(Work to be completed): Every line in the data below that has the word "Leather" should be returned.

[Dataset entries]

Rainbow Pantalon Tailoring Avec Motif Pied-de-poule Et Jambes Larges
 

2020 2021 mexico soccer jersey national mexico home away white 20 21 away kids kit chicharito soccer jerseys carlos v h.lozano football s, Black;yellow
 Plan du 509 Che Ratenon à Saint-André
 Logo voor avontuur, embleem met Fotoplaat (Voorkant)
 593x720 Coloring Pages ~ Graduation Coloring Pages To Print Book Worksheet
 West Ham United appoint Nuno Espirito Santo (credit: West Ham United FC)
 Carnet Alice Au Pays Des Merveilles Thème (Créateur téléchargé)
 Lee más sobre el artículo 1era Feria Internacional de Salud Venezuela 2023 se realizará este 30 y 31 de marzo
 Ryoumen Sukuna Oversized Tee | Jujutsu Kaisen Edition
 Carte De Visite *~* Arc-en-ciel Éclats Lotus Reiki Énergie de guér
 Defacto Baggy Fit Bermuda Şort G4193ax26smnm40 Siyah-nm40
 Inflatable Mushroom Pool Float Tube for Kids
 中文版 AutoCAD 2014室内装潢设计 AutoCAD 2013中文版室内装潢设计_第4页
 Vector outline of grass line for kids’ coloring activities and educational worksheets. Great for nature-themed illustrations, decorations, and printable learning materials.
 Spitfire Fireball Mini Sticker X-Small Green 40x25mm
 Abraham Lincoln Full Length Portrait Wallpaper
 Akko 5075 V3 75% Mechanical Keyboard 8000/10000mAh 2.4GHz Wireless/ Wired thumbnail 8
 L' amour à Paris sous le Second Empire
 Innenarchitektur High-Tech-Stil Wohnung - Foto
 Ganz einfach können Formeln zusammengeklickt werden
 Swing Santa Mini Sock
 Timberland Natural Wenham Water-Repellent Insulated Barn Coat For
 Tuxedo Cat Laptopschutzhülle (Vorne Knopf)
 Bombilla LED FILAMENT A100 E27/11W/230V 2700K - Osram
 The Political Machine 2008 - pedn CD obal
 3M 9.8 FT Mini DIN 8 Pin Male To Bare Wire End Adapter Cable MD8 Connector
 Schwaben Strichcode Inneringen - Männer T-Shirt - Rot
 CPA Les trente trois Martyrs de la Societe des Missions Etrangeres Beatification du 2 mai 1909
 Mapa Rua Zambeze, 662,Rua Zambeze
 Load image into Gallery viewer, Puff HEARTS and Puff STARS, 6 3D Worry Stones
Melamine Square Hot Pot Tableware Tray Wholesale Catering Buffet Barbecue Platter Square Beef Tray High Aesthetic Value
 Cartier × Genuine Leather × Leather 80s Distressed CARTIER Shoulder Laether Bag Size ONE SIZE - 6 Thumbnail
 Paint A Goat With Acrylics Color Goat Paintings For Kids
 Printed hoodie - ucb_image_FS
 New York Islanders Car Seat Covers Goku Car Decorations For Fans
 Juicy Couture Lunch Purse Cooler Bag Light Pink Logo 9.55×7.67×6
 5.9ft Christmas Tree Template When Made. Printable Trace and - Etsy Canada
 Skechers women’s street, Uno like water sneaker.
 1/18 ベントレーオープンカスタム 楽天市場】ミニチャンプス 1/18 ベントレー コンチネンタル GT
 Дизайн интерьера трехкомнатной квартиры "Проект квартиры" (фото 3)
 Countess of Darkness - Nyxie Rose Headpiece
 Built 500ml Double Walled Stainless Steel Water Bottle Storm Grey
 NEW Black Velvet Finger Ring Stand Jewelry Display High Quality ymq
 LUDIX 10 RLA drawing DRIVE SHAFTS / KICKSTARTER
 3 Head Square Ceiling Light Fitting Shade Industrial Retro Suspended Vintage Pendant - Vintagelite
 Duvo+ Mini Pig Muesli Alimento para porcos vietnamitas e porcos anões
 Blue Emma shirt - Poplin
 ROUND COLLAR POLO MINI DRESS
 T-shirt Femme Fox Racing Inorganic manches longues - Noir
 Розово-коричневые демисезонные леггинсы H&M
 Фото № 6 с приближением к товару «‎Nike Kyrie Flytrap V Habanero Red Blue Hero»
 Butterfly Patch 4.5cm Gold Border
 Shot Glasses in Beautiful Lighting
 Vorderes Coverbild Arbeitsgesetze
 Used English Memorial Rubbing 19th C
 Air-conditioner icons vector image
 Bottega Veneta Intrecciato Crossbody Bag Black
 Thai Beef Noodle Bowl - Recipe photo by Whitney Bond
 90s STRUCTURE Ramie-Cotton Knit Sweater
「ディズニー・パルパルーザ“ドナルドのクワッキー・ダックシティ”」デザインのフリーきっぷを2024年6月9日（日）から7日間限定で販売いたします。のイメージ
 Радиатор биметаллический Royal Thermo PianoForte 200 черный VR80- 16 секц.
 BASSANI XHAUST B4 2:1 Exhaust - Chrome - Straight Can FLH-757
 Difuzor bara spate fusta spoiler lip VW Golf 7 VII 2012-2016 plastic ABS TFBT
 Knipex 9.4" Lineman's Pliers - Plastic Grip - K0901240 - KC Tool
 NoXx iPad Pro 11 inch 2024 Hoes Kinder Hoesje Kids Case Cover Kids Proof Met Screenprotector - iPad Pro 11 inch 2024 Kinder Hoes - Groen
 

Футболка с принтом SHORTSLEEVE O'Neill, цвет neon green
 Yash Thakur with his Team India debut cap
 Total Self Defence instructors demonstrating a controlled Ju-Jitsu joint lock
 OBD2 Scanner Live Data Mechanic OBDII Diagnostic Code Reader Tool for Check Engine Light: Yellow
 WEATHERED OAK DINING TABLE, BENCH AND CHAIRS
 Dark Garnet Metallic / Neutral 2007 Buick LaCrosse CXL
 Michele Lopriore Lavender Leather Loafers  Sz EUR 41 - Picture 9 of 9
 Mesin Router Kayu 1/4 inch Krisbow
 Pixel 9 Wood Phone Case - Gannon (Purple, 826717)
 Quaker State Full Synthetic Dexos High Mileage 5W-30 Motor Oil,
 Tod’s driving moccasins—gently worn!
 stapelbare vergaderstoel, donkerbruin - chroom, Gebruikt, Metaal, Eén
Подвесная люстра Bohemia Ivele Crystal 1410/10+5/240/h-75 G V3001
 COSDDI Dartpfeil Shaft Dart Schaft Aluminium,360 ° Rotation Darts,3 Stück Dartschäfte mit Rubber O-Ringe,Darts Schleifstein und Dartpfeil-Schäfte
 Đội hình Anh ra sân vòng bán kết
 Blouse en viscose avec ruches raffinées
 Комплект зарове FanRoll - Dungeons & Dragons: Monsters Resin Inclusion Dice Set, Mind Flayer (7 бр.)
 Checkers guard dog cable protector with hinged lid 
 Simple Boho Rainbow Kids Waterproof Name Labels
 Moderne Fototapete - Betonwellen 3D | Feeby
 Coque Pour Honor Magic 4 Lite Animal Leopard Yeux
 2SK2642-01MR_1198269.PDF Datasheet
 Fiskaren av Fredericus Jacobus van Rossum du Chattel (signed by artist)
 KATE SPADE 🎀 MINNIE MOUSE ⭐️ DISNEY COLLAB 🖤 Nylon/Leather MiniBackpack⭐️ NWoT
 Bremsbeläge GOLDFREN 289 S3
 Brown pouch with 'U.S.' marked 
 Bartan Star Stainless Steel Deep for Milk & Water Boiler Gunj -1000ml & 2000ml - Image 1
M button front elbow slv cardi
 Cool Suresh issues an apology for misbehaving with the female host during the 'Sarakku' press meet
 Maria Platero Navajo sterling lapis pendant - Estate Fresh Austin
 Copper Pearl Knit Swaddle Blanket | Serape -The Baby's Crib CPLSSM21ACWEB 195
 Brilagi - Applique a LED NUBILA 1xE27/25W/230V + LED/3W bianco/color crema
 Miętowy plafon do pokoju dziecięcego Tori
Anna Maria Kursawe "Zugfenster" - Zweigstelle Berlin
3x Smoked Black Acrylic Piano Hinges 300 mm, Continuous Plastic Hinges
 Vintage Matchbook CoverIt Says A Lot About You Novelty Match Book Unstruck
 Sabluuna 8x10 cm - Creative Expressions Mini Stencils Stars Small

(Response area):
 Cartier × Genuine Leather × Leather 80s Distressed CARTIER Shoulder Laether Bag Size ONE SIZE - 6 Thumbnail
 Michele Lopriore Lavender Leather Loafers  Sz EUR 41 - Picture 9 of 9
 KATE SPADE 🎀 MINNIE MOUSE ⭐️ DISNEY COLLAB 🖤 Nylon/Leather MiniBackpack⭐️ NWoT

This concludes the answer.